* [What to do]:
Look for the line containing "Performance Denim Mid Rise Straight" and the line containing "Продажа квартиры #806 - фото 7520193" in the entries below. Copy those two and all lines between them exactly, leaving out pictures.

* [Entries supplied]:
----------------------------------------

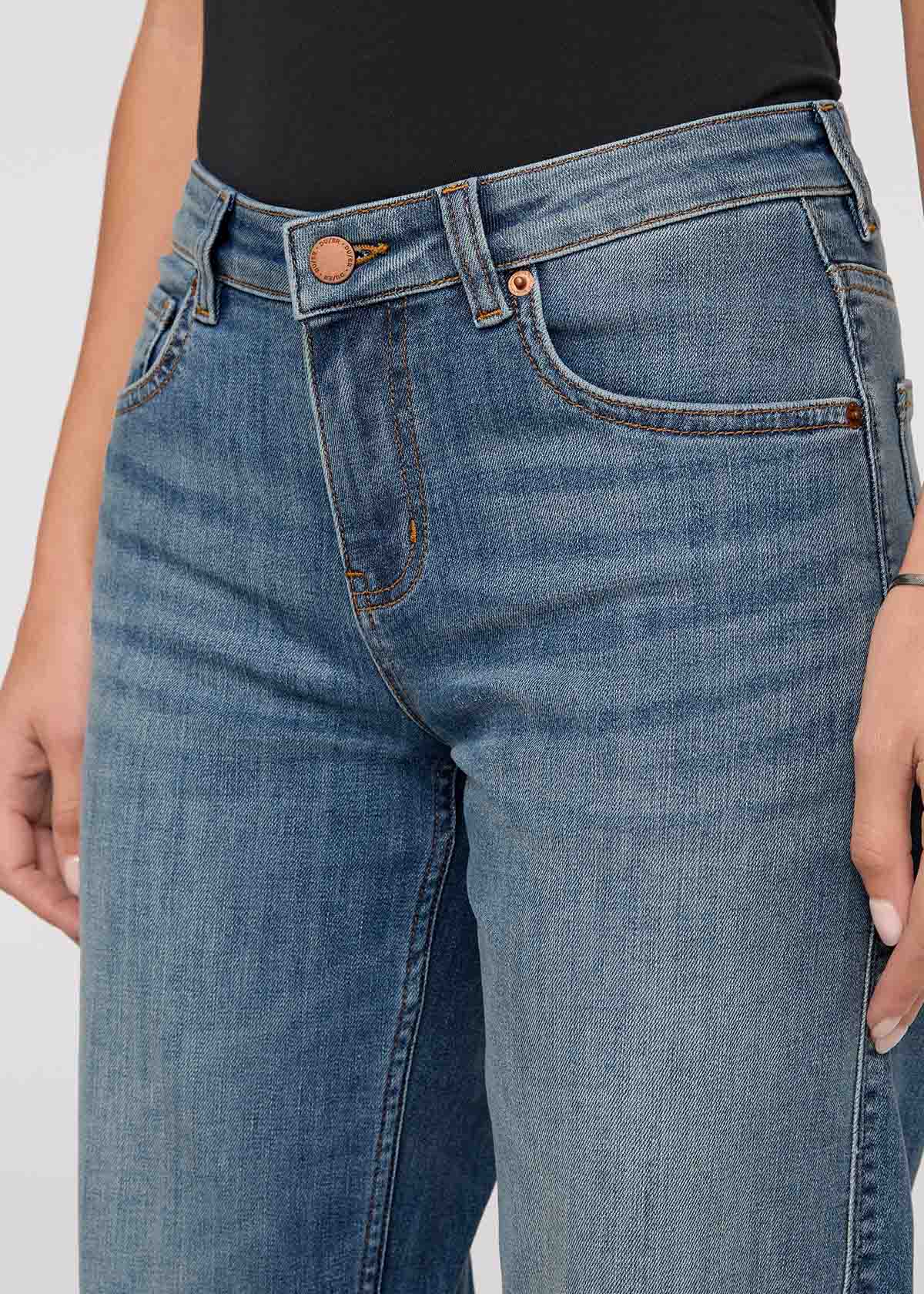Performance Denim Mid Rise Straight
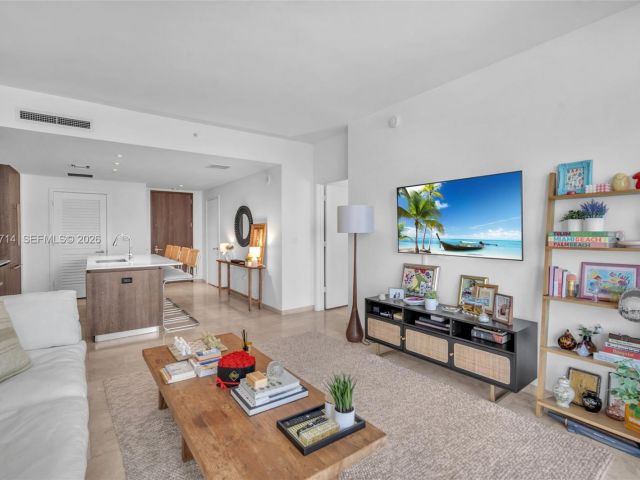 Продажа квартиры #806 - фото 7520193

----------------------------------------

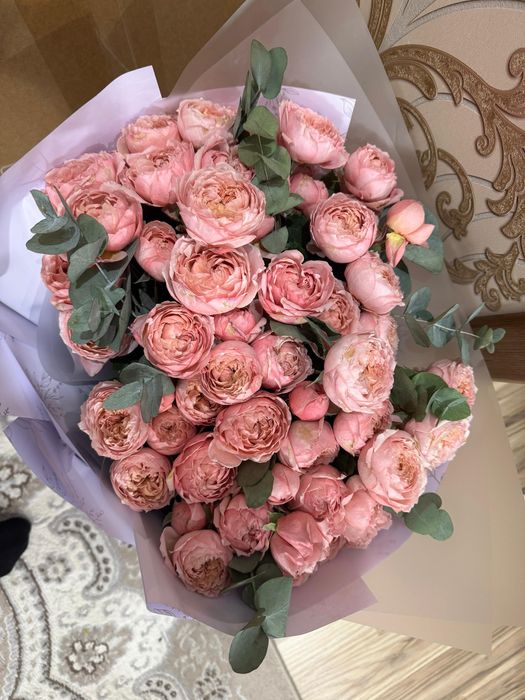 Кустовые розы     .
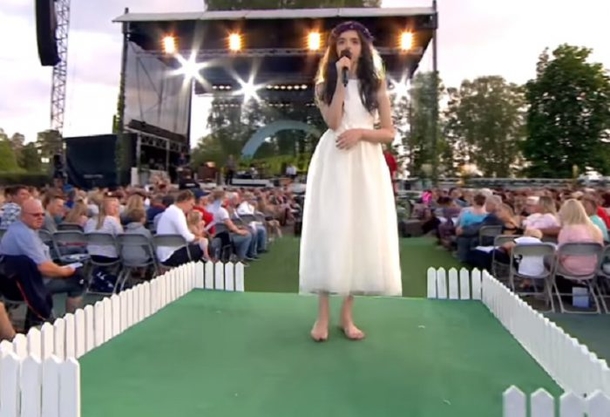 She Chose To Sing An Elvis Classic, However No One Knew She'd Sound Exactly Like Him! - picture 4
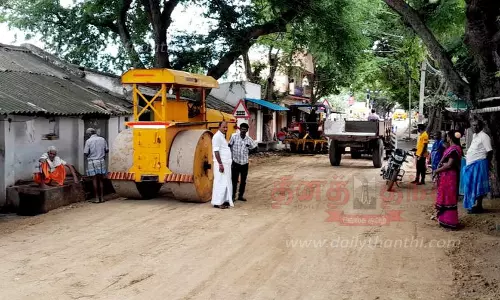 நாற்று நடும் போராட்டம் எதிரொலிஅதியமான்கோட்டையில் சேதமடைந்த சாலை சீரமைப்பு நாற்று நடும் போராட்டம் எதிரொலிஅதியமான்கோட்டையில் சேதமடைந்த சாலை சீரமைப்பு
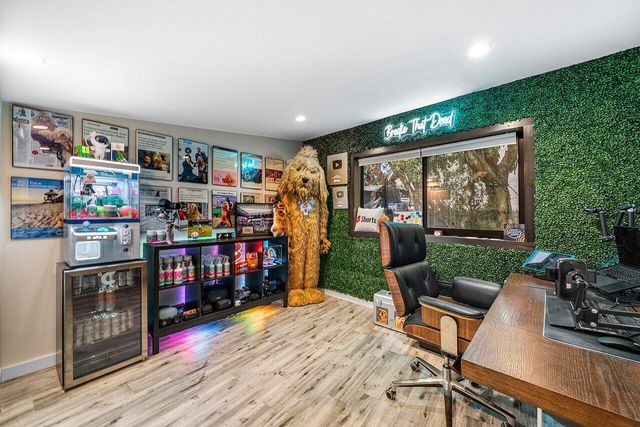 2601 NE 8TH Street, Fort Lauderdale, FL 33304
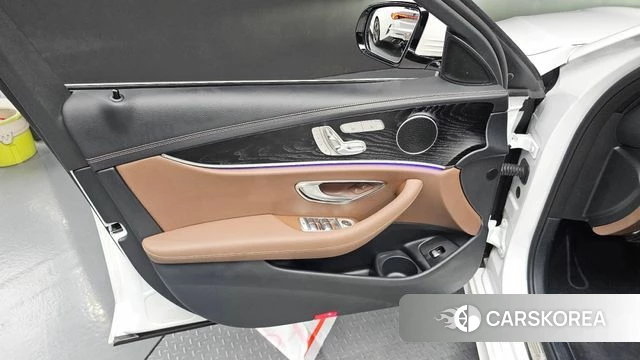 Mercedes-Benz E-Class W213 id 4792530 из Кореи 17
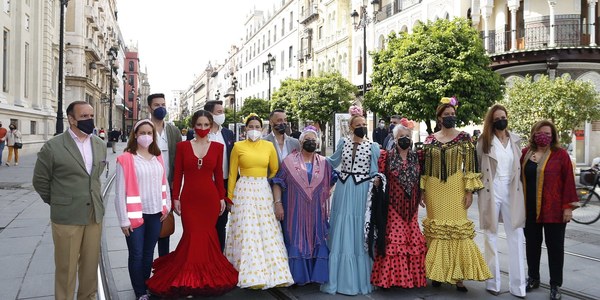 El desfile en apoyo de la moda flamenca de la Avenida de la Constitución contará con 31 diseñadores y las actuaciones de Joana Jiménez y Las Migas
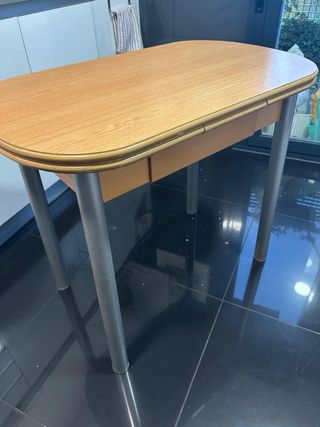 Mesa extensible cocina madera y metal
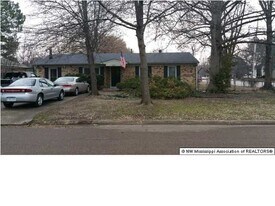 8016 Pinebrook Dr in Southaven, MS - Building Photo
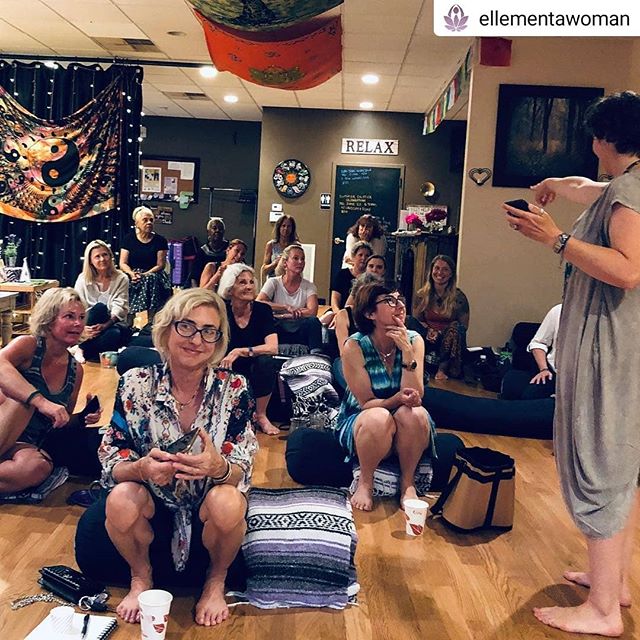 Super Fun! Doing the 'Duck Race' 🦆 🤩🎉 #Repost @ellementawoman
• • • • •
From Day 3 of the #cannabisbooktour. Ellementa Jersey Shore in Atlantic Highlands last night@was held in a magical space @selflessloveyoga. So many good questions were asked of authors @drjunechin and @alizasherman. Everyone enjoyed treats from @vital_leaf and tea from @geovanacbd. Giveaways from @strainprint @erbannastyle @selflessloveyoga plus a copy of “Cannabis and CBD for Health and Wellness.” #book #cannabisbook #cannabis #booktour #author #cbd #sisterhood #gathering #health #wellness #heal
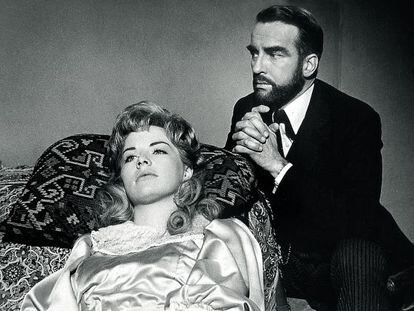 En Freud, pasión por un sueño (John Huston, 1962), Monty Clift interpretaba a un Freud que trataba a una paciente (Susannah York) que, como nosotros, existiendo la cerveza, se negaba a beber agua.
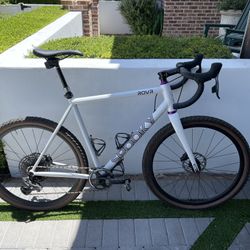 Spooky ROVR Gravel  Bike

----------------------------------------

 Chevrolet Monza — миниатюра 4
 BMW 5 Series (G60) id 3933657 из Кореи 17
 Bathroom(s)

----------------------------------------

* [Final answer]:
Performance Denim Mid Rise Straight
 Продажа квартиры #806 - фото 7520193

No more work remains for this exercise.